Friday’s Bureau of Economic Analysis (BEA) October Personal Income and Outlays report was most important to the Fed.
The Fed has been talking about a rate hike in December for a long time. They say the decision is based on improving data. They’re especially focused on wages and prices (inflation), but they are also worried about creating a market melt-down (which is probably why they haven’t already hiked rates).
The good news was that personal income was up in October, as expected – a healthy 0.4%.
The bad news was that spending was lower than expected and doesn’t bode well for the holiday season. That figure confirmed the poor retail sales figures from a couple weeks ago.

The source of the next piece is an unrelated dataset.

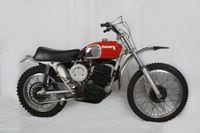 Iconic Steve McQueen Husqvarna Sold for World Record Amount | Dirt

Worse yet, the Fed’s favorite inflation indicator, the PCE price index, also disappointed. The headline number was up only 0.1% with expectation at 0.3%. The core number, which excludes food and energy, was unchanged while it was expected to be up 0.2%. The Fed is looking for an annual inflation rate approaching 2%, but it’s coming in at just 1.3%!
So what was the reaction in the markets to Friday’s data? Nonexistent. That day the bond market barely moved and now sits right at 3%.
Still, U.S. Treasury bond yields have been falling steadily for the last two weeks.
When yields spiked last month on a strong jobs report, the odds of a rate hike moved from about 50% to over 80%. Now, that likelihood has fallen back to about 65%. But the overall consensus is that the Fed will most likely hike.
Still, the market isn’t so concerned about the first rate hike, but what comes later. Bond yields have already priced in a December hike, so when it happens traders will be focusing on future action. And right now, because of weak inflation and wage growth, a future rate hike isn’t a big worry.
Again, we don’t care what the Fed does! We’re looking for an overreaction in the long-term bond market. Surprises create these overreactions, and there are always opportunities for surprise.